▶ **EXERCISE DETAILS**
The word "para" may appear in some lines of the data; copy every such line.

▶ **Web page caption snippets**
════════

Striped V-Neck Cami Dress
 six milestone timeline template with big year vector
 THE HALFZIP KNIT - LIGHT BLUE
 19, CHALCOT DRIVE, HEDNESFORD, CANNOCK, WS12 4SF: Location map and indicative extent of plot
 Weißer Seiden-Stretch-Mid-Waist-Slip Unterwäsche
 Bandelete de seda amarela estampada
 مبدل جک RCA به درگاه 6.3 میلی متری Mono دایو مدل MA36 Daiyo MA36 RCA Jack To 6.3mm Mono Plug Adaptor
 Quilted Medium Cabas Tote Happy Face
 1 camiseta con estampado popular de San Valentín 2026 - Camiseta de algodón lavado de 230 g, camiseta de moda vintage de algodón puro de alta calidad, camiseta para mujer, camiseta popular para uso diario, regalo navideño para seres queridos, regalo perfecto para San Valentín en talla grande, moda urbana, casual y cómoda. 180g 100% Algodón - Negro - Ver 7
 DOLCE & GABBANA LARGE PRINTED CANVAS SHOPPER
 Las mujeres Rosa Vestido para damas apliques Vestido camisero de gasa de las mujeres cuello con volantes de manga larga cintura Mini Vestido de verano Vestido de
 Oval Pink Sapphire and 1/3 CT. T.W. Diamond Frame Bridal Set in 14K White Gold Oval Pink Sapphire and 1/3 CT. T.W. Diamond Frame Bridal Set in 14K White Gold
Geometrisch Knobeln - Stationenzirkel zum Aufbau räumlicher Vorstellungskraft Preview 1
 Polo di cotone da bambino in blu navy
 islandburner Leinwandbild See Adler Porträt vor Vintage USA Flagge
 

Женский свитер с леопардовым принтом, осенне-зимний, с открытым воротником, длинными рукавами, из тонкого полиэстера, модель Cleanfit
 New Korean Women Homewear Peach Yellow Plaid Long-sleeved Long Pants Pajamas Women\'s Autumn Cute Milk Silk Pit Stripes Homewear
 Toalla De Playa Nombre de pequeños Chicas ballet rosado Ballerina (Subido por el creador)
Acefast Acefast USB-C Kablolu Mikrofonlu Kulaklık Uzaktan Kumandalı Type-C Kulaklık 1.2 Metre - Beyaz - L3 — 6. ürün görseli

════════

▶ **ANSWER TO THE PROBLEM**
 1 camiseta con estampado popular de San Valentín 2026 - Camiseta de algodón lavado de 230 g, camiseta de moda vintage de algodón puro de alta calidad, camiseta para mujer, camiseta popular para uso diario, regalo navideño para seres queridos, regalo perfecto para San Valentín en talla grande, moda urbana, casual y cómoda. 180g 100% Algodón - Negro - Ver 7
 Las mujeres Rosa Vestido para damas apliques Vestido camisero de gasa de las mujeres cuello con volantes de manga larga cintura Mini Vestido de verano Vestido de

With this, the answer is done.